Jiayuan-Gu / hab-mobile-manipulation

Mobile manipulation in Habitat
https://sites.google.com/view/hab-m3
62 stars 9 forks source link

CUDA error while running the evaluation script #8

Closed wzjscut closed 6 months ago

wzjscut commented 6 months ago

When I use the command about Evaluate a HAB (Home Assistant Benchmark) task from the README.md, all the commands show the same error:

[22:54:57:295573]:[Nav] PathFinder.cpp(386)::build : Building navmesh with 145 x 259 cells [22:54:57:307122]:[Nav] PathFinder.cpp(656)::build : Created navmesh with 86 vertices 40 polygons [22:54:57:307135]:[Sim] Simulator.cpp(920)::recomputeNavMesh : reconstruct navmesh successful Skill begin.

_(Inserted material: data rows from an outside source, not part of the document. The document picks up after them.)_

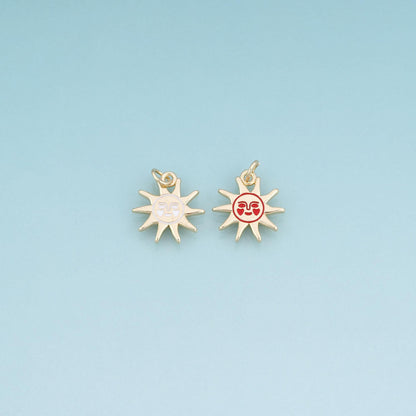 18K Gold Filled Enamel Sun Face Pendant,Exquisite Charm Bracelet Necklace for DIY Jewelry Making Supply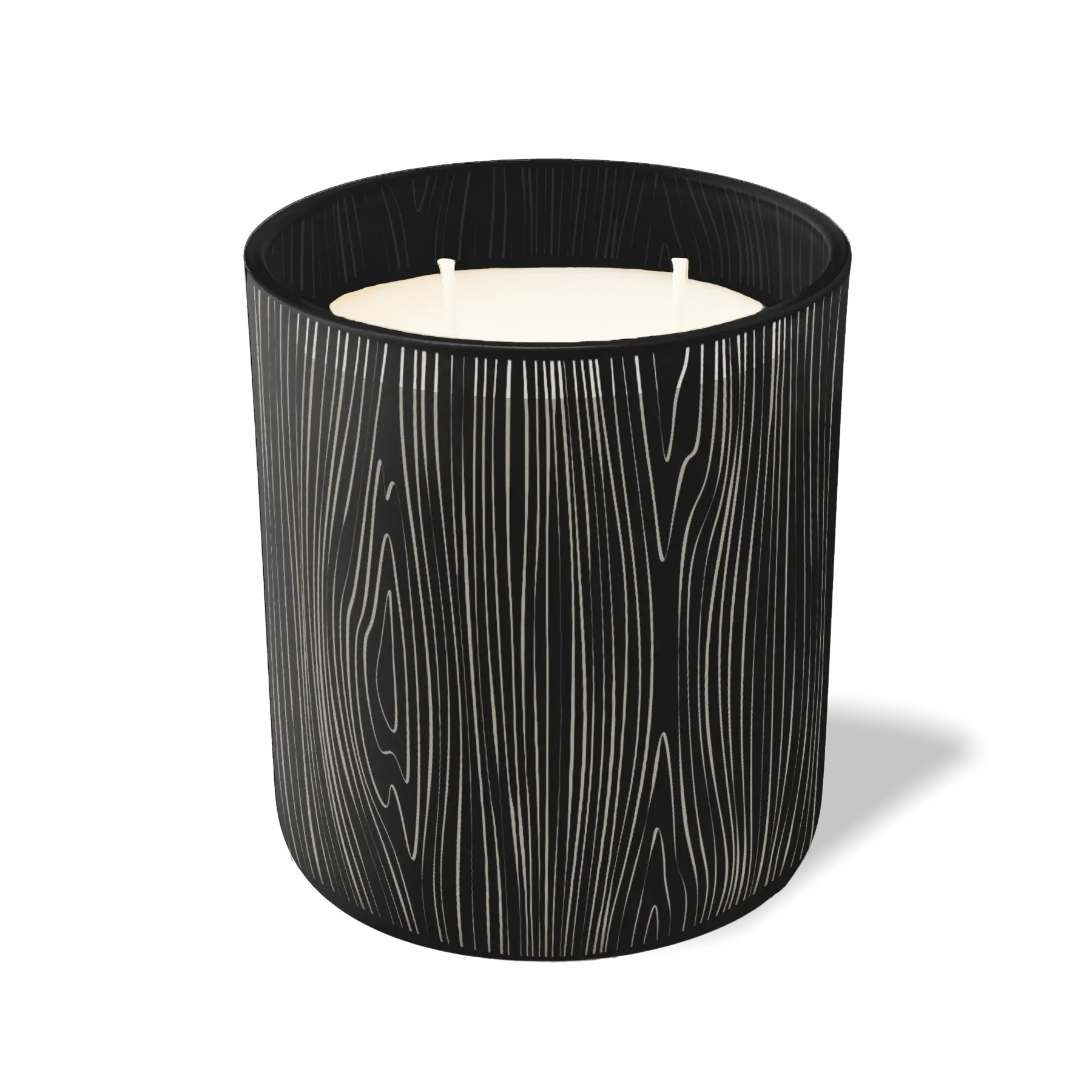 Custom Etched Wood Grain - 12 oz Candle Black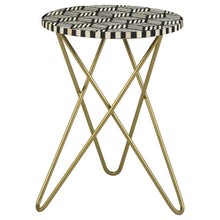 Load image into Gallery viewer, Top Accent Table With Mosaic Design, Circular Tabletop - Gold
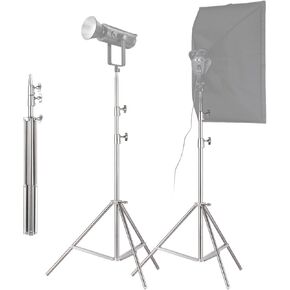 Light Stand Photography, 79in Height Stainless Steel Light Stand Heavy Duty Light Stand with 2 Adjustable Sections 1/4 Screw Interface for Photography 3kg Capacity Stand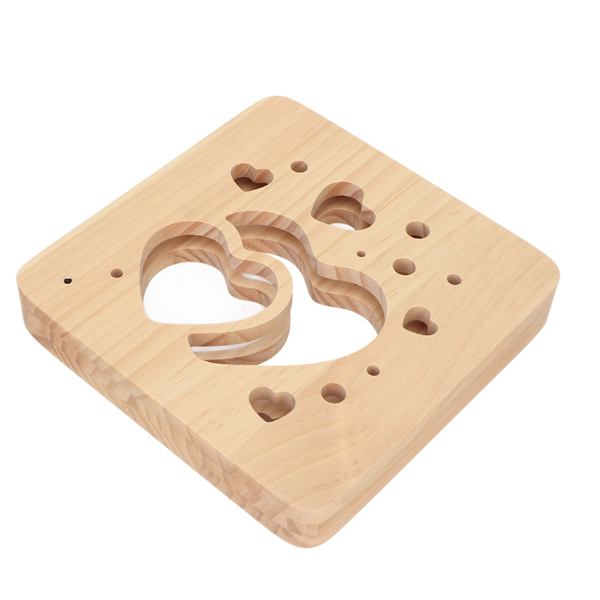 Trefarget 3D LED-lys Valentinsdag Hule Hjerteform Stil Furu Tre USB Strømforsyning Dekorativ Utskåret Nattlampe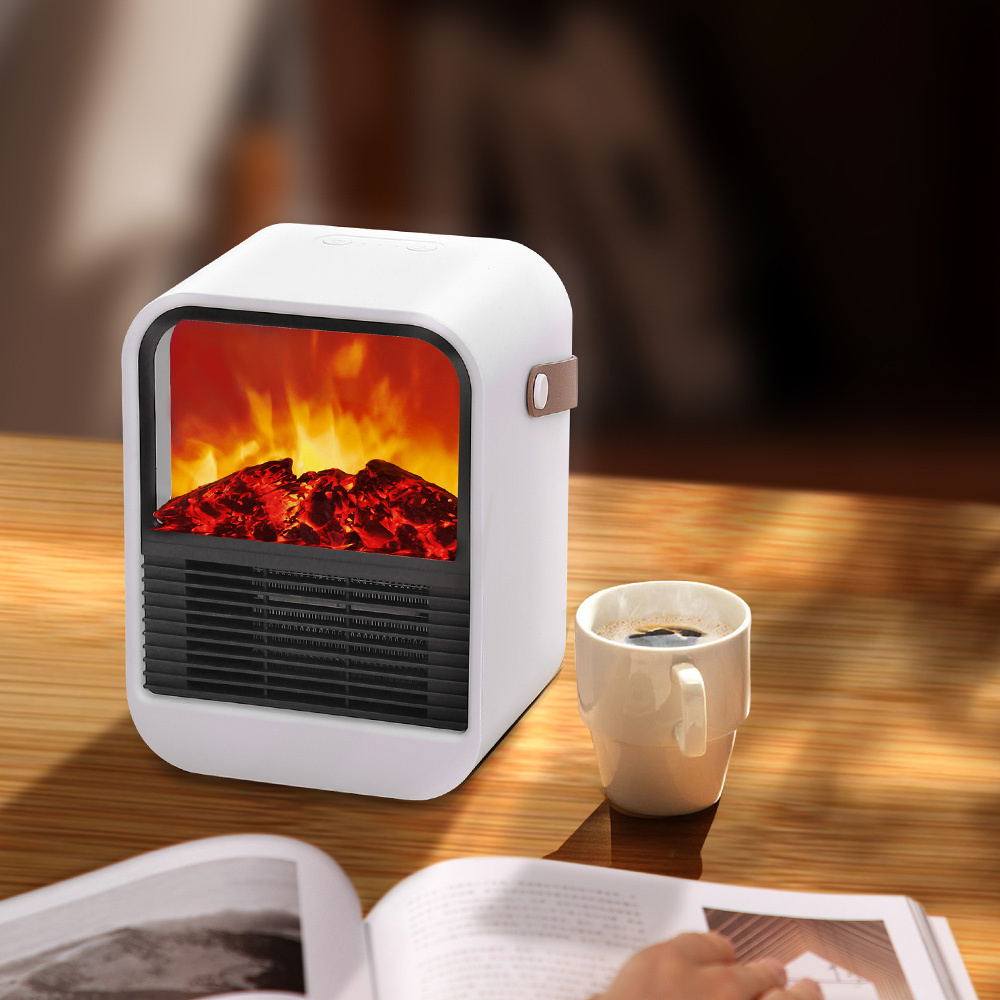 3D Simulation Carbon Fire Heater Low Noise Heating Sleep Personal Bedroom Indoor Room Use Small Portable Electric Fan Heater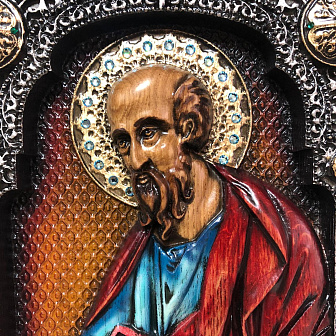 Икона Святой Апостол Павел, резная из дерева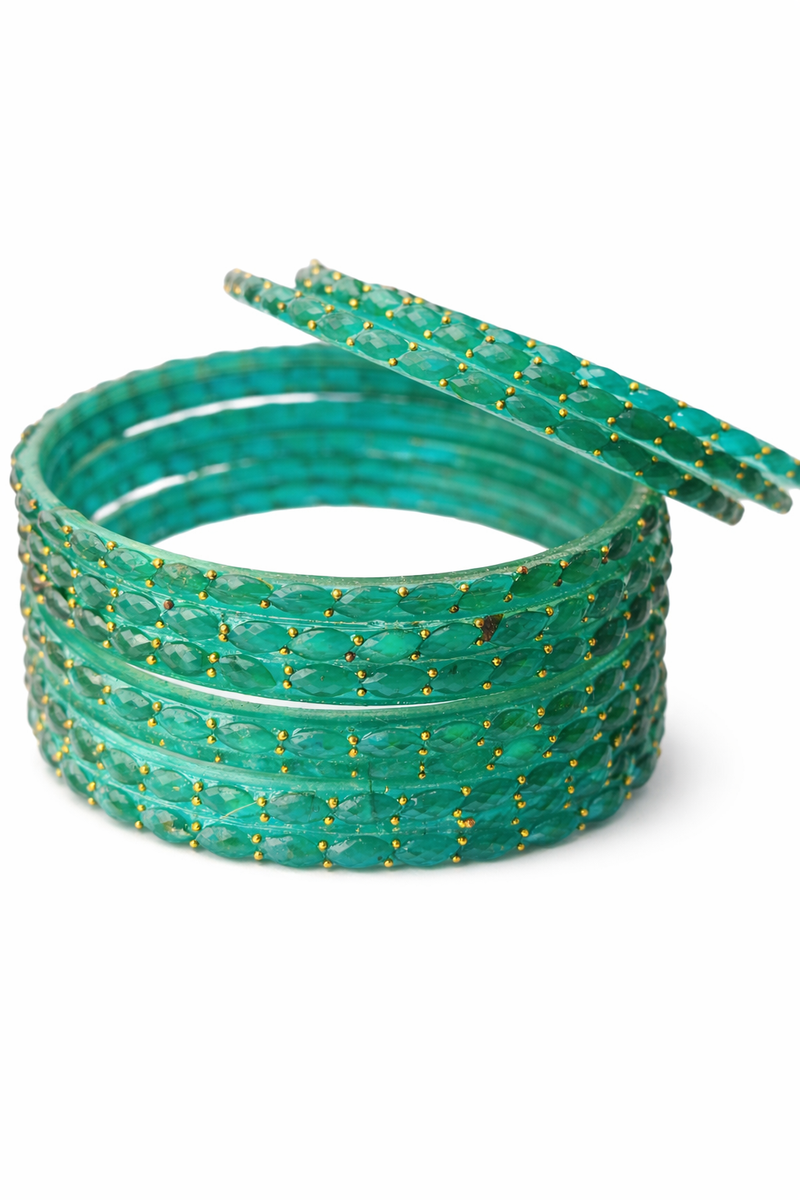 Trendy Radium Colour Crystal Finish Glass Bangles Pack of 12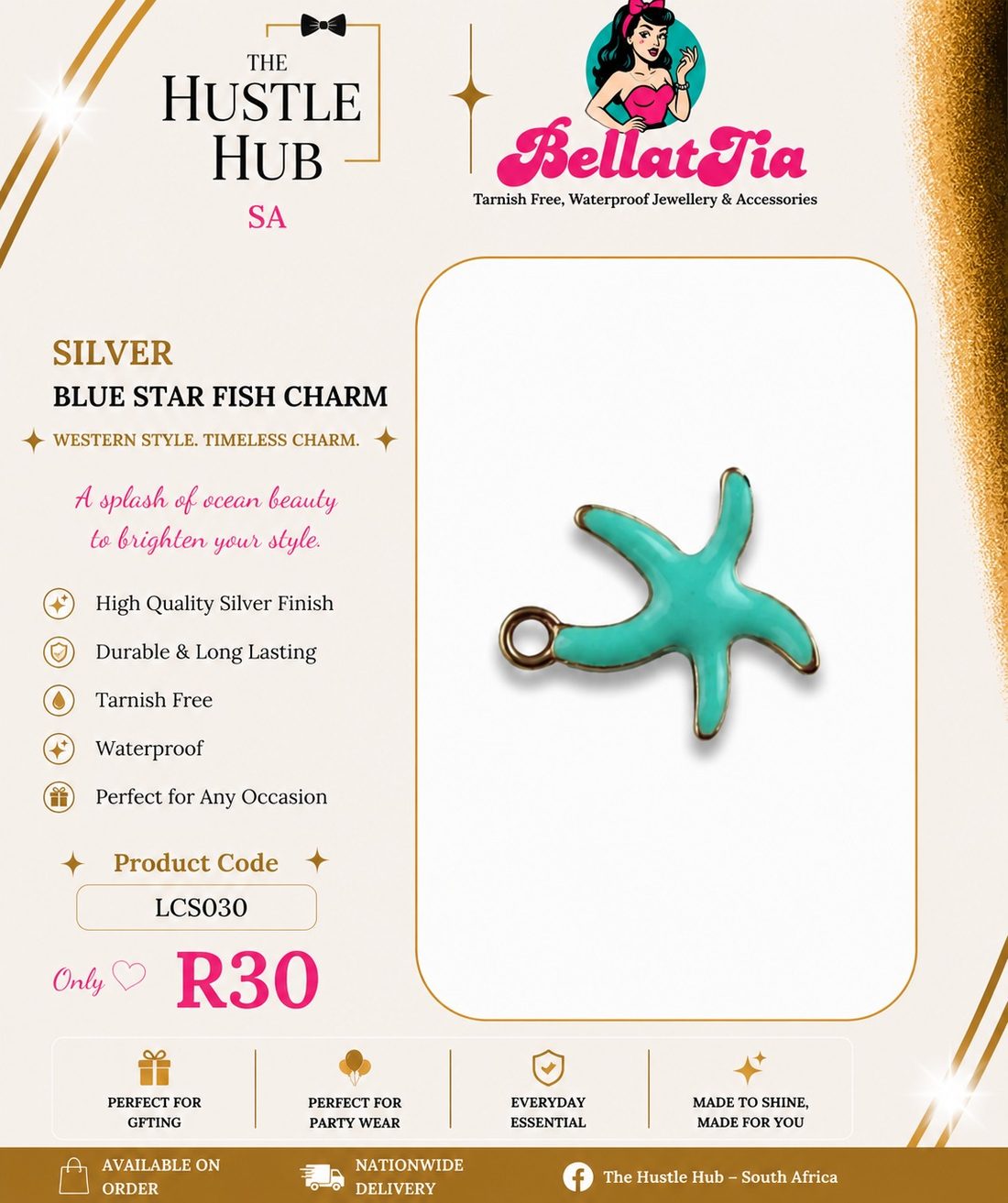 Silver Blue Star Fish Charm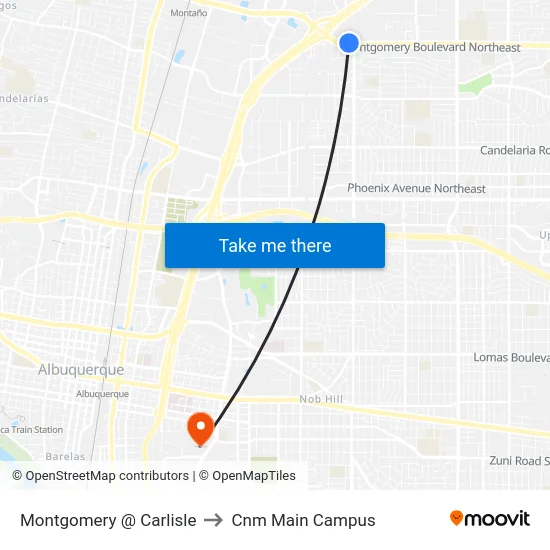 Montgomery @ Carlisle to Cnm Main Campus map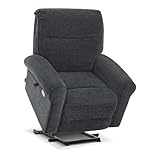 MCombo Large Dual Motor Riser Recliner Chairs Electric for Elderly, Massage and Heated Recliner Armchair, Lay Flat Recliners with 61CM Wide Seat, USB, Extended Footrest, Fabric 7666 (Dark Grey)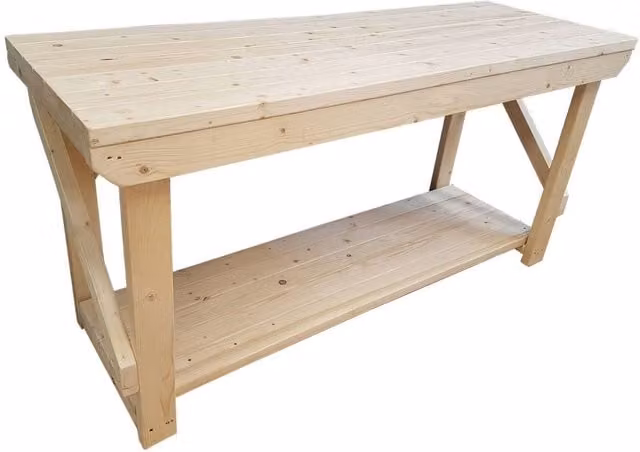 Arbor Garden Solutions Wooden Trestle Workbench in Brown, White or Beige, Width: 240 cm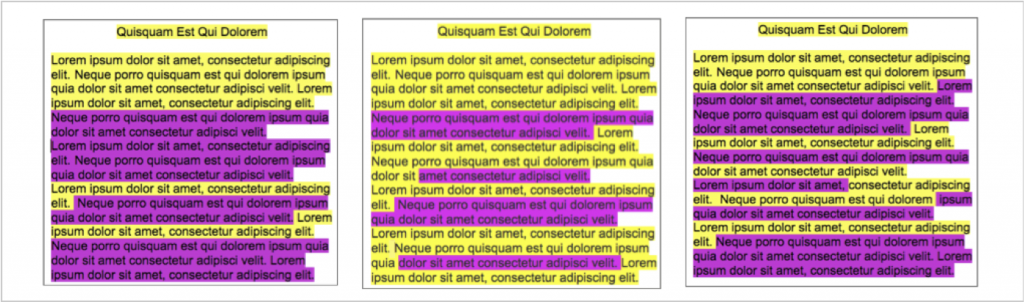 Three sample showing 1) mostly quotes with little original thought, 2) mostly original thought supported by quotes, and 3) equal split between quotes and original thought.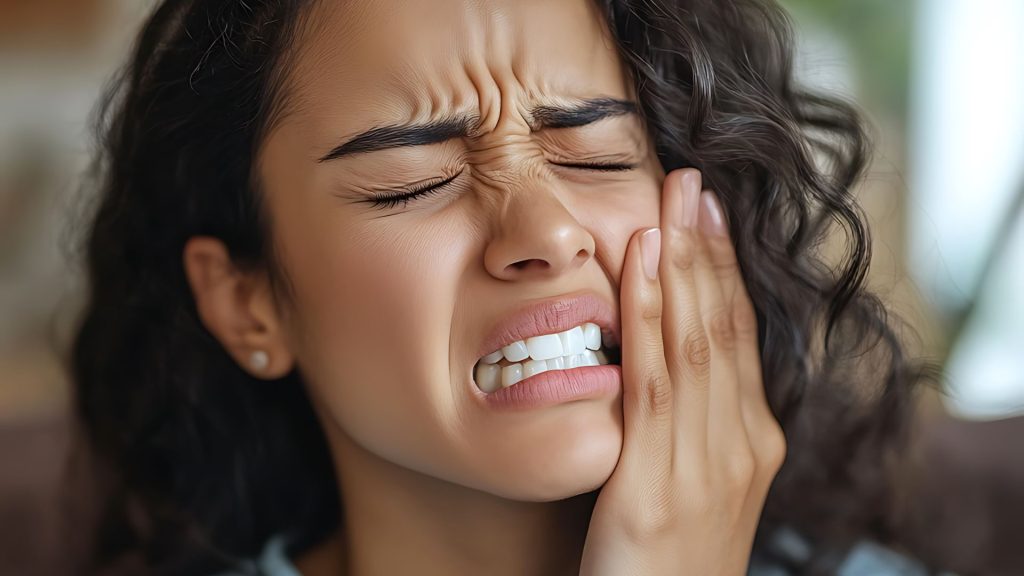 A person with curly hair winces in pain, eyes closed, and holds their cheek, possibly experiencing a toothache or jaw discomfort.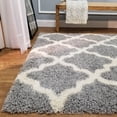 thumbnail image 3 of Maxy Home Bella Trellis Grey 5 Feet x 7 Feet. Shag Area Rug, 3 of 7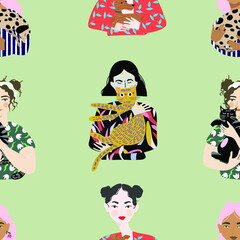 Seamless pattern. 
Girls hold their pets in their arms. Hand drawn trendy vector flat illustration.  Design for banner, card, placard, brochure. 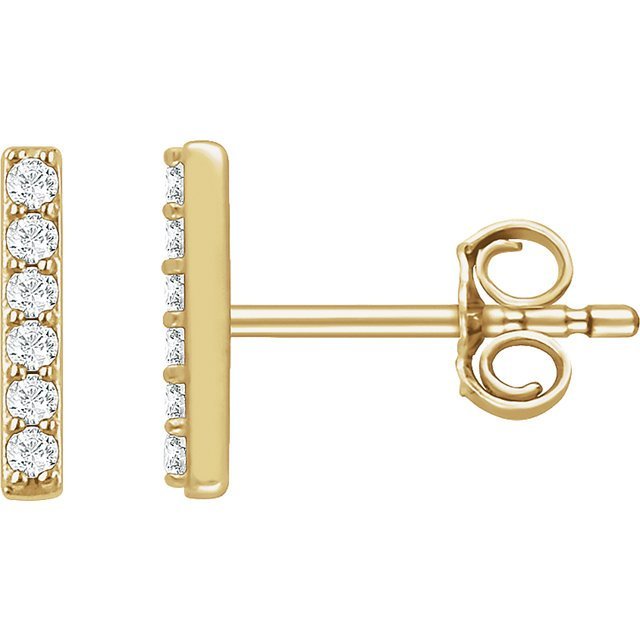 14KT Gold Vertical Bar 1/10 CTW Diamond Earrings Yellow
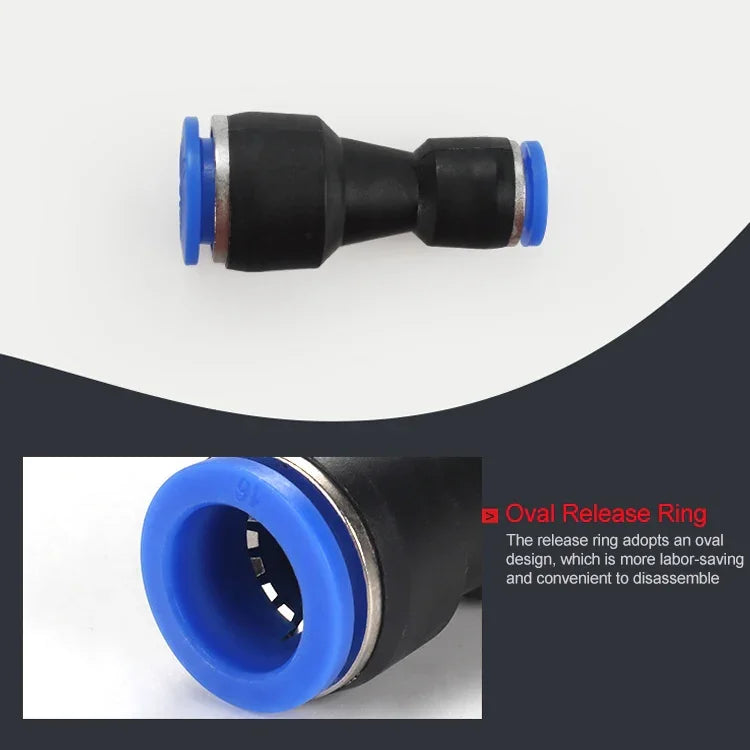 LAIZE 10 chiếc đầu nối nhanh khí nén giảm nhựa thẳng, PG6-4, PG8-4, PG8-6, PG10-6, PG10-8, PG12-8, PG12-10, PG16-12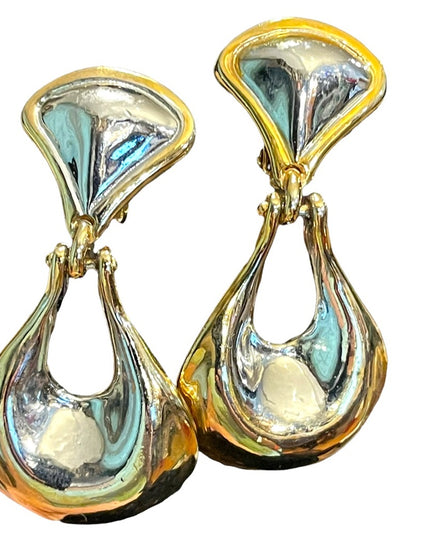 vintage 1980s fancy gold & silver finish heavy clip on earrings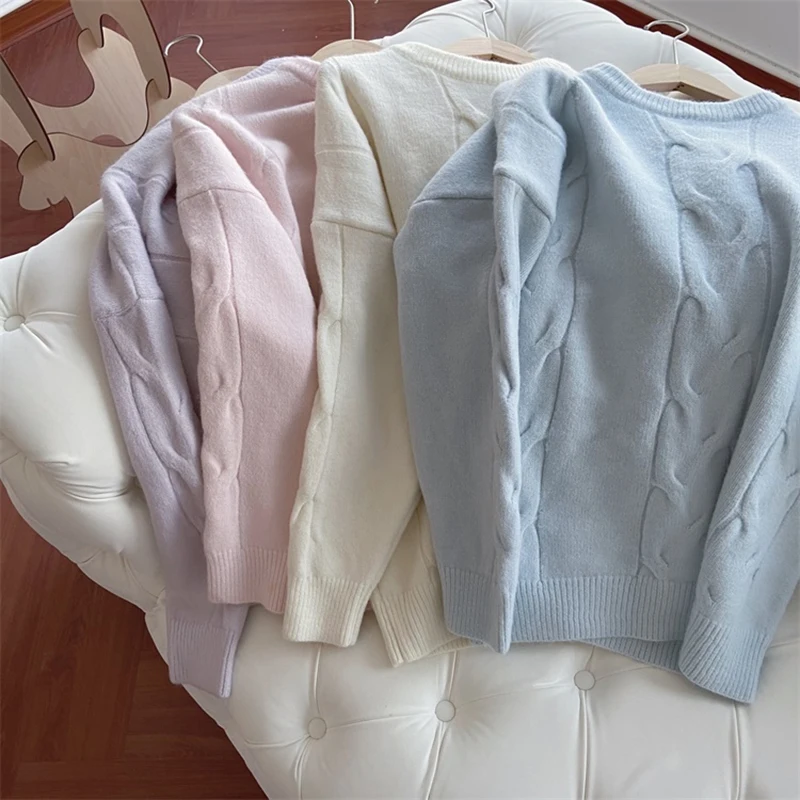 

Женский свитер с круглым вырезом, осенне-зимний теплый мягкий Повседневный свободный Свитер оверсайз, вязаный Свободный пуловер, топ, 2021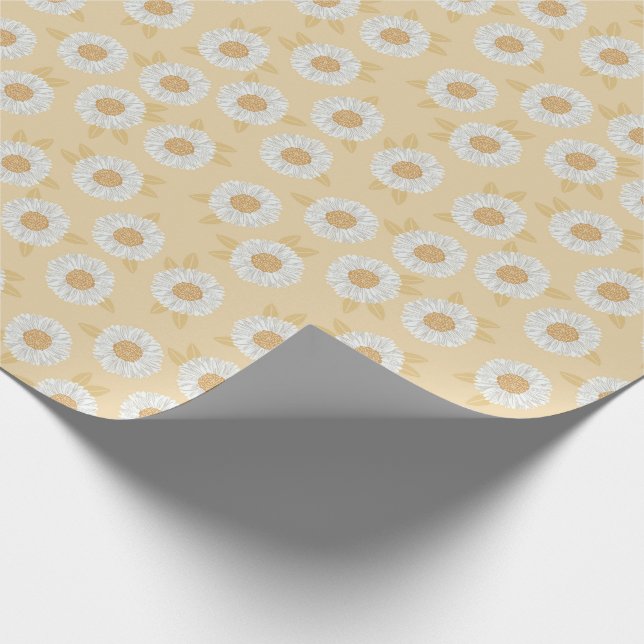 Boho Daisy Yellow Floral Baby Shower Wrapping Paper (Corner)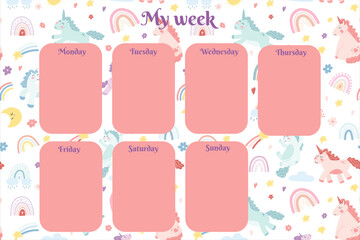 Weekly planner with cute rainbows and unicorns in cartoon flat style. Vector illustration for kids stationary, schedule, list, school timetable, extracurricular activities © Chorna Viktoriia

Skill begin. Traceback (most recent call last): File "mobile_manipulation/eval_composite.py", line 328, in main() File "mobile_manipulation/eval_composite.py", line 220, in main step_action = policy.act(ob) File "/home/ubuntu/habitat/hab-mobile-manipulation/mobile_manipulation/methods/skill.py", line 127, in act action = self.current_skill.act(obs, kwargs) File "/home/ubuntu/habitat/hab-mobile-manipulation/mobile_manipulation/methods/skill.py", line 127, in act action = self.current_skill.act(obs, kwargs) File "/home/ubuntu/habitat/hab-mobile-manipulation/mobile_manipulation/methods/skills/rl_skills.py", line 67, in act outputs = self.actor_critic.act(step_batch, deterministic=True) File "/home/ubuntu/habitat/hab-mobile-manipulation/mobile_manipulation/ppo/policy.py", line 130, in act net_outputs: Dict[str, torch.Tensor] = self.net(batch) File "/home/ubuntu/anaconda3/envs/hab-mm/lib/python3.7/site-packages/torch/nn/modules/module.py", line 550, in call result = self.forward(*input, kwargs) File "/home/ubuntu/habitat/hab-mobile-manipulation/mobile_manipulation/ppo/policies/cnn_policy.py", line 211, in forward perception_embed = self.visual_encoder(cnn_input) File "/home/ubuntu/anaconda3/envs/hab-mm/lib/python3.7/site-packages/torch/nn/modules/module.py", line 550, in call result = self.forward(*input, *kwargs) File "/home/ubuntu/habitat/hab-mobile-manipulation/mobile_manipulation/ppo/policies/cnn_policy.py", line 46, in forward x = m(x) File "/home/ubuntu/anaconda3/envs/hab-mm/lib/python3.7/site-packages/torch/nn/modules/module.py", line 550, in call result = self.forward(input, kwargs) File "/home/ubuntu/anaconda3/envs/hab-mm/lib/python3.7/site-packages/torch/nn/modules/linear.py", line 87, in forward return F.linear(input, self.weight, self.bias) File "/home/ubuntu/anaconda3/envs/hab-mm/lib/python3.7/site-packages/torch/nn/functional.py", line 1610, in linear ret = torch.addmm(bias, input, weight.t()) RuntimeError: CUDA error: CUBLAS_STATUS_EXECUTION_FAILED when calling cublasSgemm( handle, opa, opb, m, n, k, &alpha, a, lda, b, ldb, &beta, c, ldc)

My device is RTX3090 and driver version is 535.154.05 and torch version : 1.5.1 and installed cuda version : 10.2 and CUDA Compute Capability: 8.6

Jiayuan-Gu commented 6 months ago

Hi @wzjscut, have you fixed the error?

cpezzato commented 2 months ago

I had the same error, I solved by removing and reinstalling pytorch within the environment for some reason. First pip uninstall torch followed by pip install torch.